• Data for this exercise
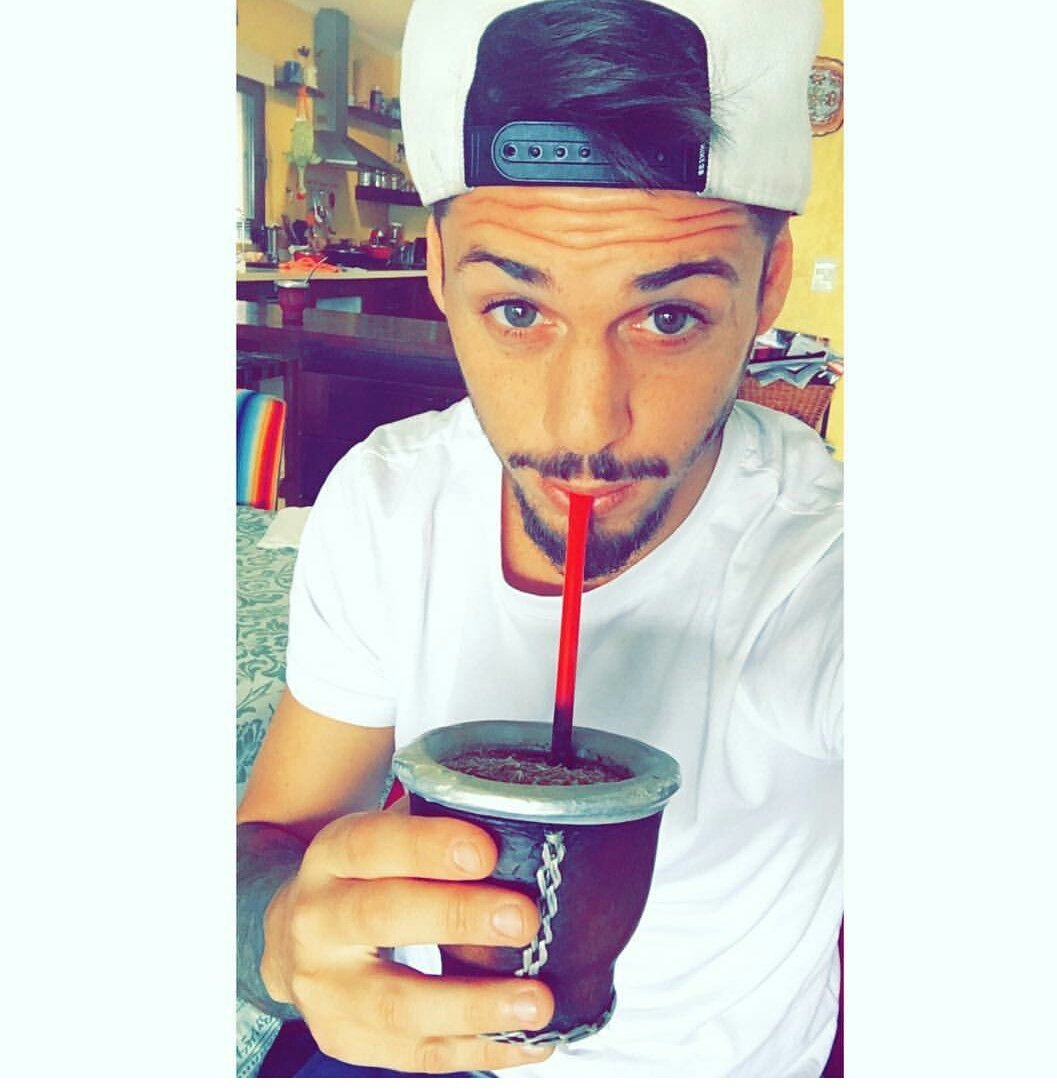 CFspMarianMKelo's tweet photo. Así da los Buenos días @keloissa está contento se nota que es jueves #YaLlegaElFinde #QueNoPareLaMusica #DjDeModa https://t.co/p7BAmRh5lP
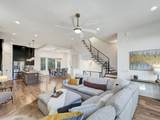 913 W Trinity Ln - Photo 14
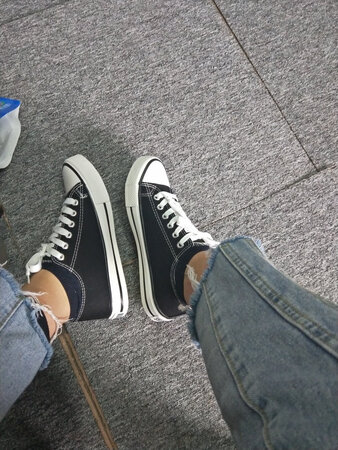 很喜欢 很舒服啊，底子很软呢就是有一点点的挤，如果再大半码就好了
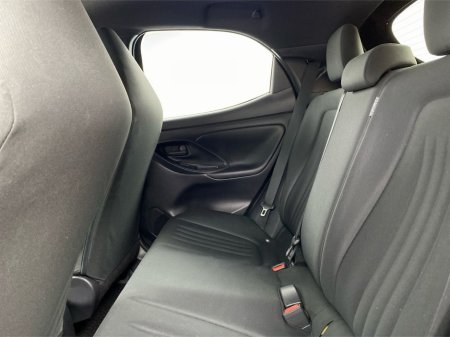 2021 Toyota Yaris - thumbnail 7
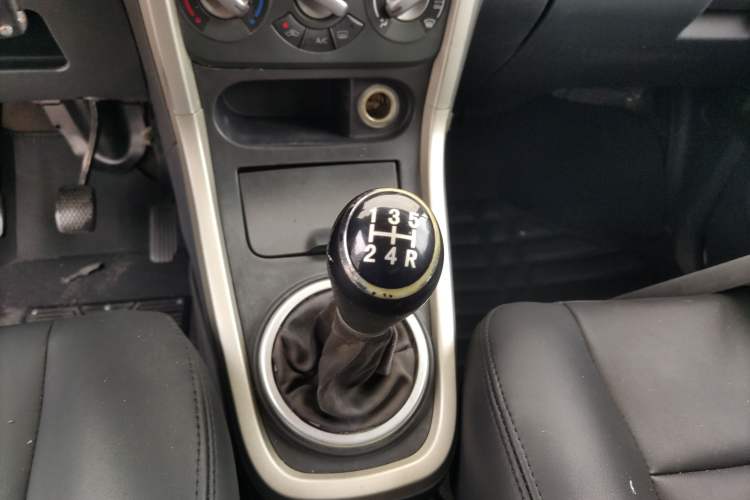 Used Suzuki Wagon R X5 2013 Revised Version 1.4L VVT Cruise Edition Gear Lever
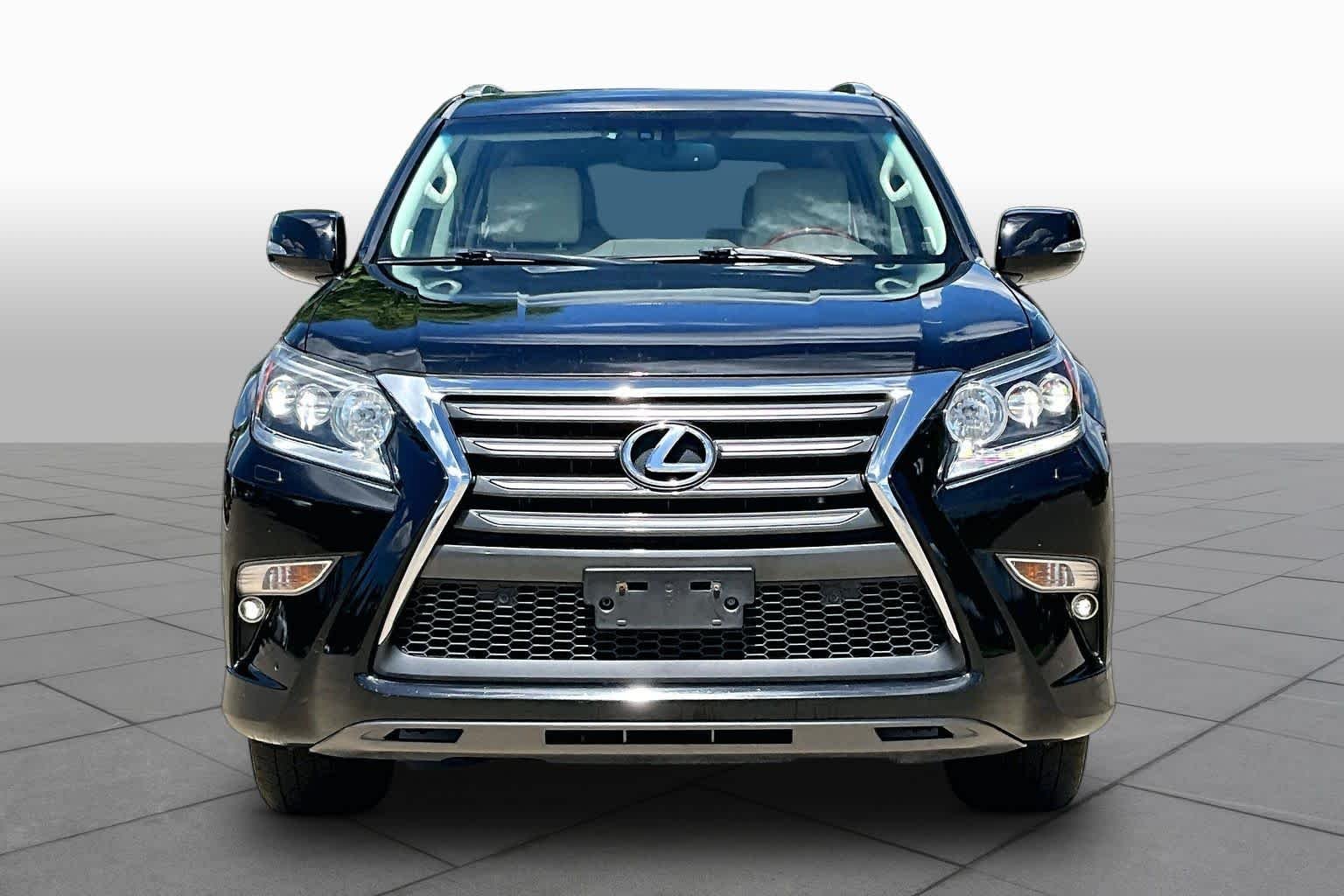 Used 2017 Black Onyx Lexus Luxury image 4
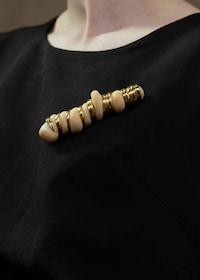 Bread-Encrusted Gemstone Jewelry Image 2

• About this exercise
The entries above are to be reproduced exactly, with the pictures dropped.

• Solution for this task
 CFspMarianMKelo's tweet photo. Así da los Buenos días @keloissa está contento se nota que es jueves #YaLlegaElFinde #QueNoPareLaMusica #DjDeModa https://t.co/p7BAmRh5lP
 913 W Trinity Ln - Photo 14
 很喜欢 很舒服啊，底子很软呢就是有一点点的挤，如果再大半码就好了
 2021 Toyota Yaris - thumbnail 7
 Used Suzuki Wagon R X5 2013 Revised Version 1.4L VVT Cruise Edition Gear Lever
 Used 2017 Black Onyx Lexus Luxury image 4
 Bread-Encrusted Gemstone Jewelry Image 2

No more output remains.